So, to “Groundhopping”. In another great piece on “If This Is Football“, the subject of groundhopping has come up. Groundhoppers are the football equivalent of trainspotters. Rather than supporting any particular club, they go from ground to ground (hence the name), chalking up a list of football stadia visited. The 92 Club, an august body of people that have visited each of the 92 grounds of the Football League, was founded in 1966, and according to their Wiki entry, they now have over a thousand members. Of course, joining The 92 Club isn’t quite as easy as it used to be, with a couple of clubs moving grounds each season, and potentially two new clubs joining from the Nationwide Conference each season, but obviously it’s no longer an exclusive pursuit. To get their kicks nowadays, hardcore groundhoppers are visiting more and more obscure stadia and travelling abroad more and more.

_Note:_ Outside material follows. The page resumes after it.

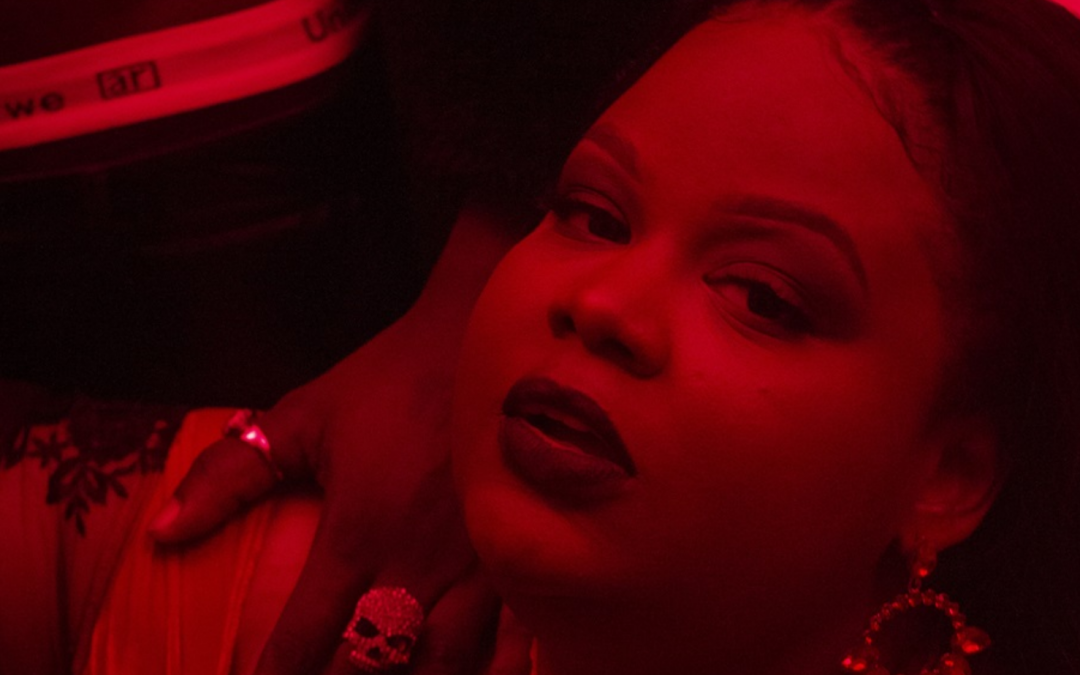 MC Carol lança “Tralha”, álbum explorando trap, grime, funk e com letras ainda mais ousadas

Of course, it’s pretty easy to mock this group of people, but I say all of the above with the full knowledge that this is something that I could quite easily do. I’ve got less and less partisan in my support as I’ve got older. I’ve enjoyed my trips to Wimbledon and Worthing as much as I have my few trips to St Albans over the last couple of years or so. Indeed, this season, more or less every match that I have been to (except for White Hart Lane and Fortress Clarence Park) has been at a ground that I’d never been to before, or to see a team that I’d barely seen before. I’m liable to kind of pick a team that I want to win before the match but, by and large, I can quite easily watch football as something approaching a neutral these days.

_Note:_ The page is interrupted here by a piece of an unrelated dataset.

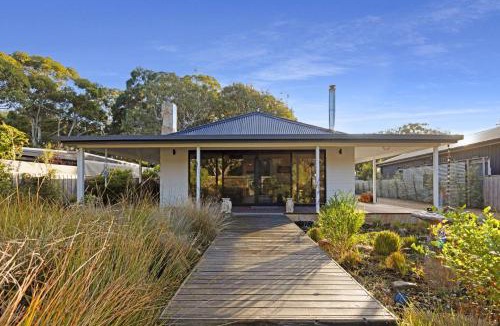 Raymond Island House | Neptune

So, I sat here earlier this evening and drew up my own list. It doesn’t, if truth be told, contain many Football League grounds. Most of the great stadia of the world have passed me by. I included grounds that I had been to for one (or, of course, more) of the following competitions: League matches down to Step 4 (that’s the foot of the Ryman League, in case you were wondering), the FA Cup, FA Trophy and FA Vase, the World Club Cup and various County Cups. I also included a handful of grounds from Step 5 (the South Midlands League) because I at them, which I think means that they deserve inclusion. Of that list, four were abroad, twenty-three were Football League (or Premiership) grounds, and I’d played at six of them. This means that from a total of 98 football grounds that I have been to watch a match at or played at, I’ve visited 71 non-league grounds. This strikes me as an alarmingly high number. Now, admittedly two of them are the same team playing at the same place (but, as anyone else that has visited both will confirm, the old Champion Hill and new Champion Hill grounds in Dulwich are very different indeed), but it does leave me idly wondering what I’ve been doing with my time for the last twenty-five years or so. I’ve left out the less than palatial home of Wallsend Town (where I played a friendly match about three years ago) because, whilst they may well still exist, I don’t know what League they’re currently in.

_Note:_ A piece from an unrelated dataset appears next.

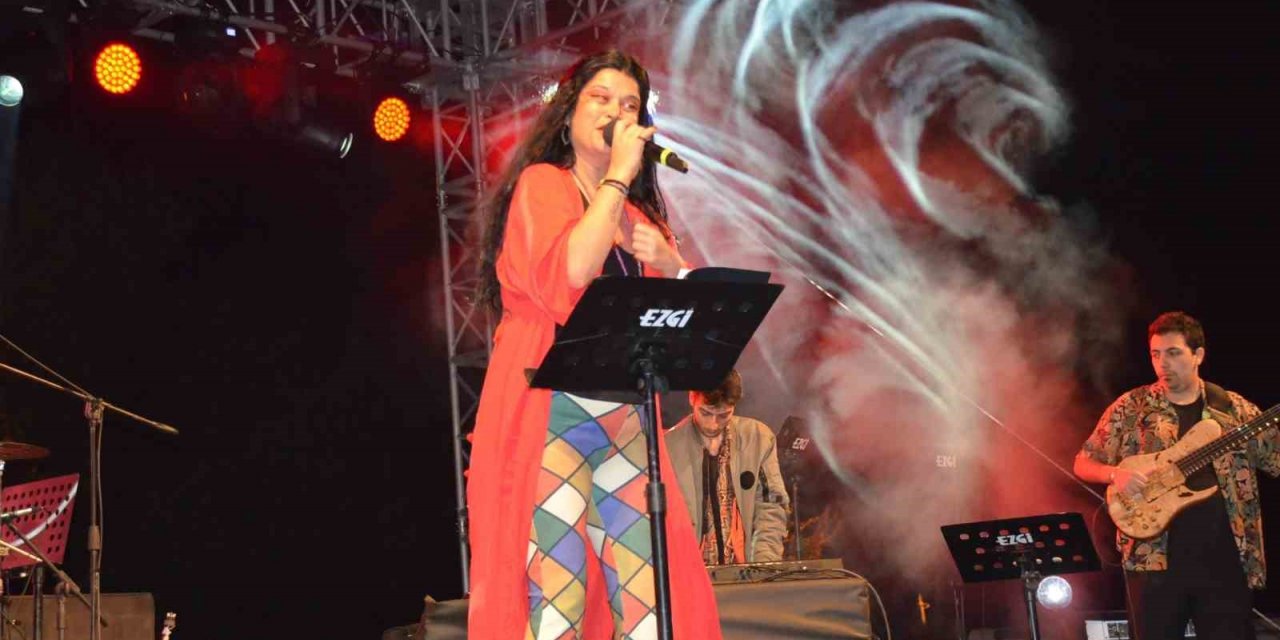 Didim Vegfest konserlerle devam ediyor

There are some curious exclusions from the list. I’ve missed out on several League grounds in London – Arsenal, Brentford, QPR and West Ham United are nowhere to be seen on it – and other places of enormous significance, such as Old Trafford, St James Park and, well, in Scotland are similarly absent (I should point out that I’ve only been to Scotland once since I was about 5 years old, and Partick Thistle were away that weekend). The order of it may appear somewhat arbitrary, but this is largely because of the vagaries of my memory, the fact that I tried to list the “biggest” ones first, and the fact that I just put down all the ones that I could think of off the top of my head before looking at any lists. There is a chance that I’ve missed a couple (or even more) off my list (and cynics might even argue that I have done this on purpose to make the new Wembley number 100, which it may well turn out to be), but I have racked my brains over this for several hours now, and I don’t think that I have left any out. The full list is in the comments section. If I do happen to think of any more, I will of course add them.

Tomorrow, back to proper football. You know – insightful analysis and all that. I promise.